→ **DATA RECORDS**:
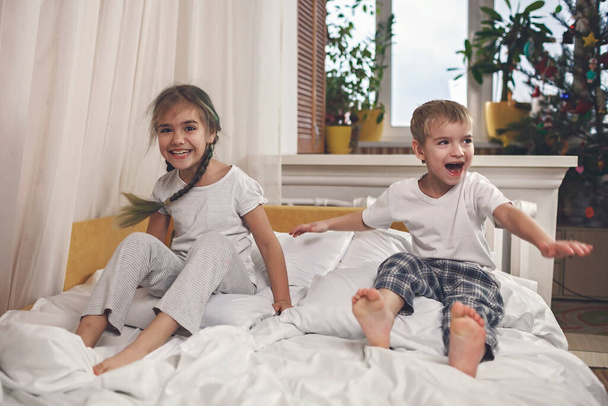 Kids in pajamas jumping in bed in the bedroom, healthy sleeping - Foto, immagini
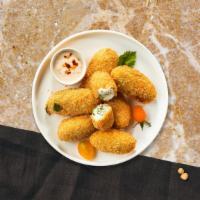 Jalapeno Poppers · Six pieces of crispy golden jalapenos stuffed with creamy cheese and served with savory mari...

--

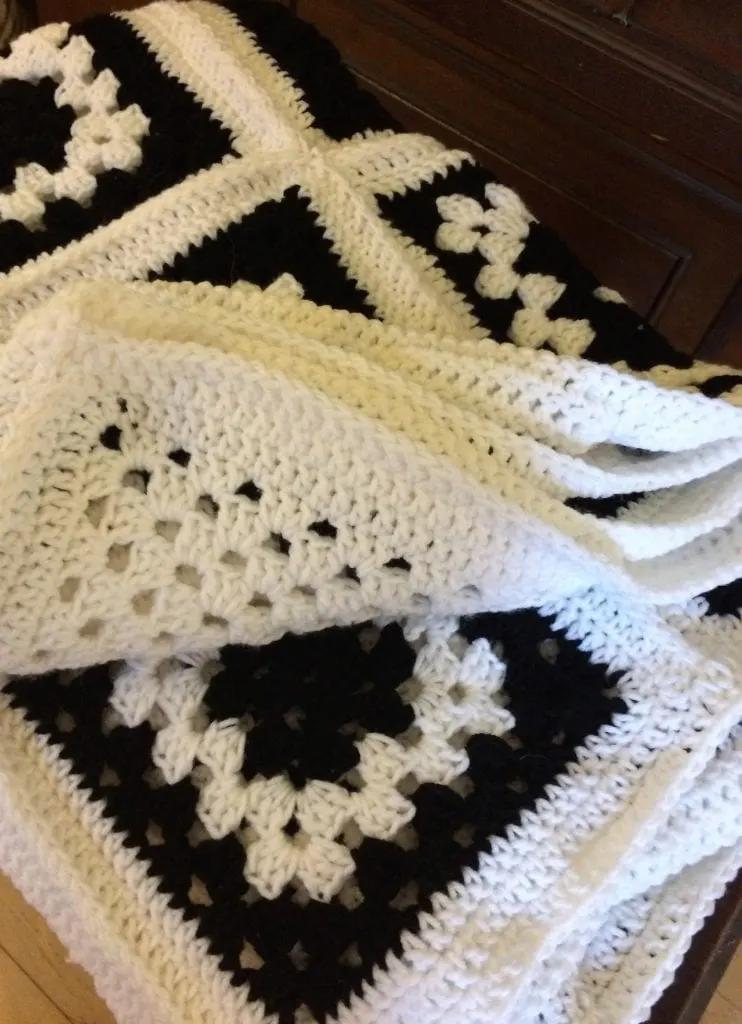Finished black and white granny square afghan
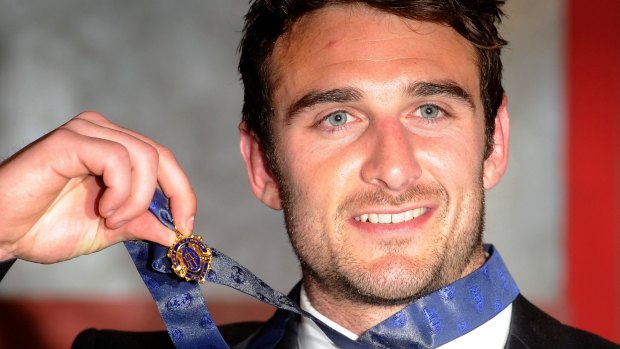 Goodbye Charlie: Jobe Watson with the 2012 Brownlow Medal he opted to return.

→ **WHAT THE TASK REQUIRES**: An exact copy of the lines above from the one with "Kids in pajamas" up to and including the one with "Jalapeno Poppers ·" is required; reproduce only those lines, omitting all pictures.

→ **SOLVED PROBLEM**:
 Kids in pajamas jumping in bed in the bedroom, healthy sleeping - Foto, immagini
 Jalapeno Poppers · Six pieces of crispy golden jalapenos stuffed with creamy cheese and served with savory mari...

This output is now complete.